- **EXERCISE REQUIREMENTS**:
Write out the material below again, line for line, without any images.

━━ INFORMATION PROVIDED

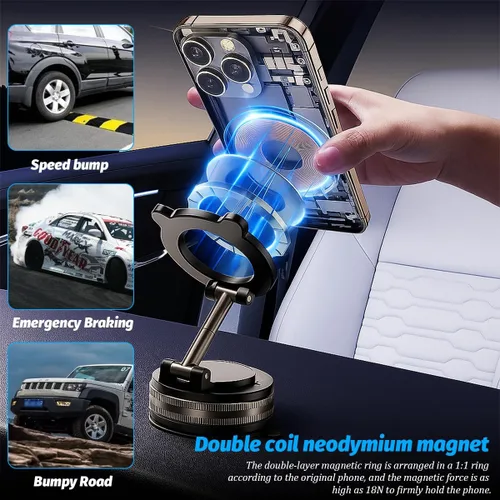 Miniatura 4 de Soporte Magnético de Succión al Vacío para Teléfono de Automóvil, Soporte de Teléfono Celular Plegable Ajustable de 360° con Agarre Fuerte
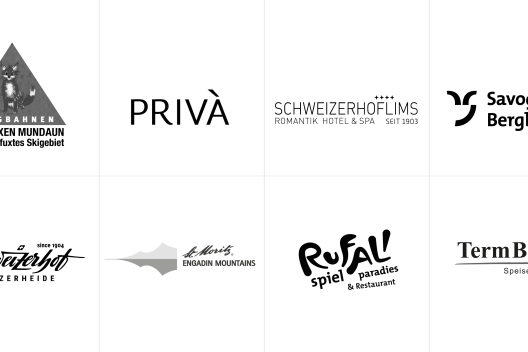 Übersicht der Partnerlogos von Bergbahnen Obersaxen Mundaun, Privà, Schweizerhof Flims, Savognin Bergbahnen, Rufalipark und Term Bel.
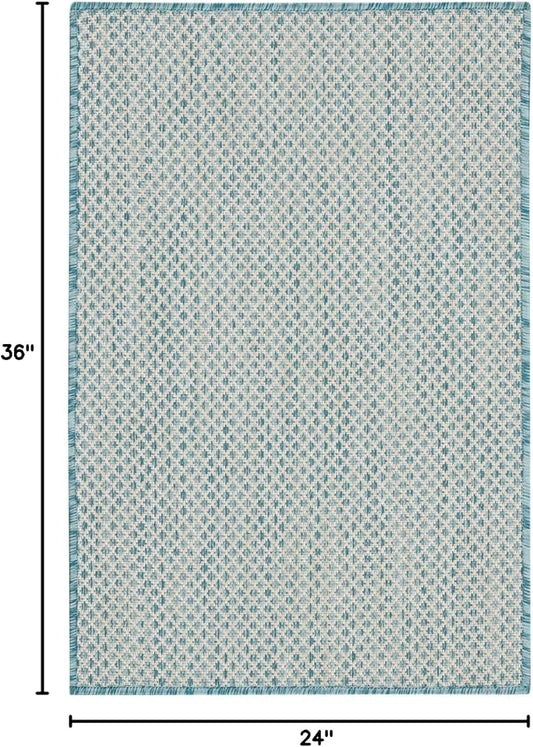 Nourison Home Courtyard Ivory Aqua 2' x 3' Area Rug - Easy Clean, Non Shedding, Bed Room, Living Room, Dining Room, Kitchen (2' x 3')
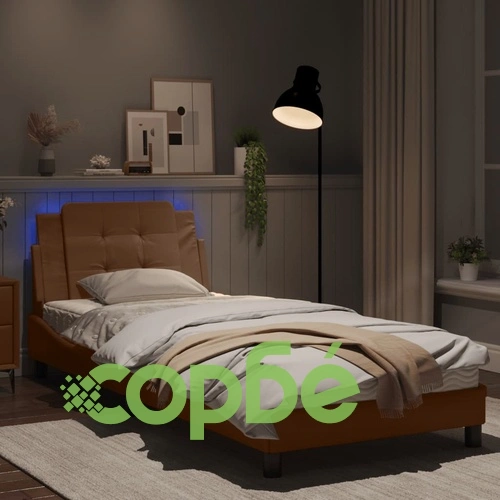 Рамка за легло с LED осветление, капучино, 80x200 см, еко кожа ➤ топ цена ➤ sorbe.bg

━━━━

- **TASK RESULT**:
 Miniatura 4 de Soporte Magnético de Succión al Vacío para Teléfono de Automóvil, Soporte de Teléfono Celular Plegable Ajustable de 360° con Agarre Fuerte
 Übersicht der Partnerlogos von Bergbahnen Obersaxen Mundaun, Privà, Schweizerhof Flims, Savognin Bergbahnen, Rufalipark und Term Bel.
 Nourison Home Courtyard Ivory Aqua 2' x 3' Area Rug - Easy Clean, Non Shedding, Bed Room, Living Room, Dining Room, Kitchen (2' x 3')
 Рамка за легло с LED осветление, капучино, 80x200 см, еко кожа ➤ топ цена ➤ sorbe.bg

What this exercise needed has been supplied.